METSIK (WILD) draws attention to the notion of wild as metaphor for biodiversity, perceptual awareness and the need for experimenting with open ended non-standardized territories. Wild is not only a term we use to designate the physical space of wilderness, but also a platform for understanding mental and cultural perceptions of natural processes. Wild aims to open up discussions and dispute underlying assumptions regarding objectification, commodification, and normalization of living entities within complex ecological systems. Wild is a frame for self-reflection about ones influence on the processes we aspire to control.
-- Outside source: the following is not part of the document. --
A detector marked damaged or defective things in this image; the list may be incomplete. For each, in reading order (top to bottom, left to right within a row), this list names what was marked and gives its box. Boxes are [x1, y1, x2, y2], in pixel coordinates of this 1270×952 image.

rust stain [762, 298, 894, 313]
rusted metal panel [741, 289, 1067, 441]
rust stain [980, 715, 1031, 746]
Wild is an exercise in observing the subtle transition zones between human activity and plant and animal habitats, from spaces of civilized control to the wilding areas of abandonment, ruins and forgotten cultivation slowly fading into the ever evolving perma-forest of life.
PROCESS / ACTIVITIES / EVENTS
METSIK involves a group of curated artists in a series of residencies, symposia and public events, that will take place from January through November 2018.
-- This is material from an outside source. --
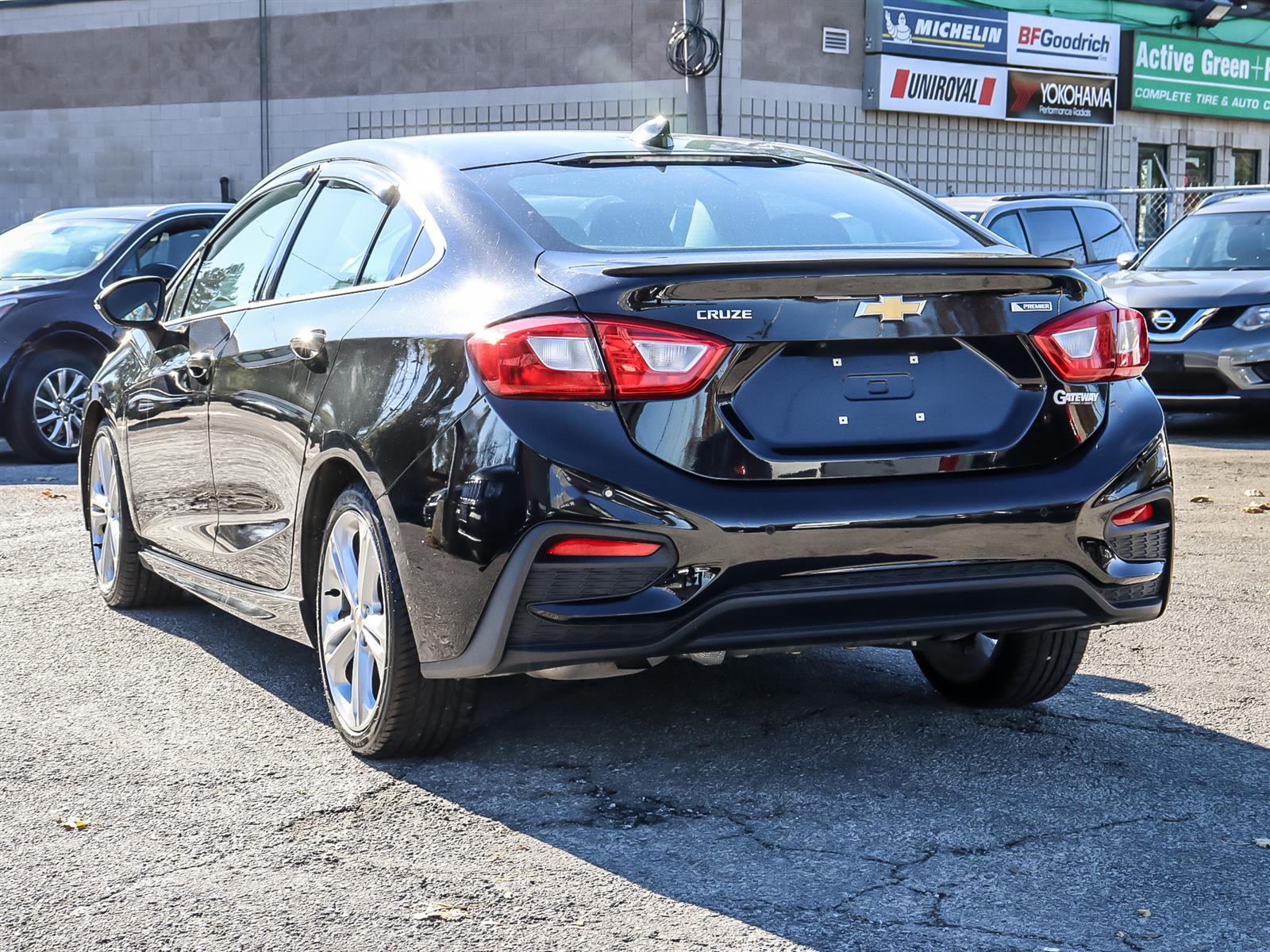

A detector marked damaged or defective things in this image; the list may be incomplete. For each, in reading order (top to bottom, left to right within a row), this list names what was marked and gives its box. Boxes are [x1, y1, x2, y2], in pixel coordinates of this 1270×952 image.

cracked asphalt [0, 416, 1264, 952]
15.04- 30.06 Residencies at MOKS (3 artists, 1- 2 months)
July 22-28 Metsik Camp/Symposium Piirimäe farm (Viisli, Mooste) and surrounding areas (MoKS team + 5 artists/thinkers)
October/ November Exhibition and presentation of works and ideas at Tartu Art House
Fermentation along the borders of civilization
To what degree can we observe and evaluate the outcomes of our decisions? The Mooste manor, was “re-discovered” at the end of 20th century by artists, as an attractive place with its abandonment and potential wilderness. This border area, consisting of past and present, empowered artists and eventually the local municipality with ideas and a surplus of space. Estonia's, joining the EU allowed access to structural funds, opening the doors for redevelopment for the local municipality. Thanks to this, the majority of the Mooste manor complex was renovated and revived. From a ramshackle, overgrown corner of the village, historical layers were sorted as pleasing objects and were subsequently polished and exposed anew. As a result, the Mooste manor is becoming a regional trademark and source of pride, as an exemplary 'normalized' model of a well preserved historical complex. While the surfaces shine and new life grows, the machines of management, marketing and manicured lawns, sow the seeds of social tensions borne out of contractual obligations, political showmanship and economic interests. For the artists who arrived early on the scene, the values of undefined territories and the potential for creative intervention found in the cracks of history have become the very detriment of progress and threat to the ideals of the exemplary model. Is this what comes with the revival of architectural relics (as a unconscious simulacrum of history itself)? Are we too afraid to ask ourselves, at what cost and to whom, did these manors come to be? Do we awaken the ghosts in our very pursuit to highlight the past? The risks, challenges and consequences of our policies and decisions now, like then, often seem beyond our control (or possibly in the hands of those who are “in control”). But to what degree and how, can we, in our inherent “human nature”, define our abilities to balance the civilizing forces of development and control with the complex fermentative processes of “wild” natural habitats?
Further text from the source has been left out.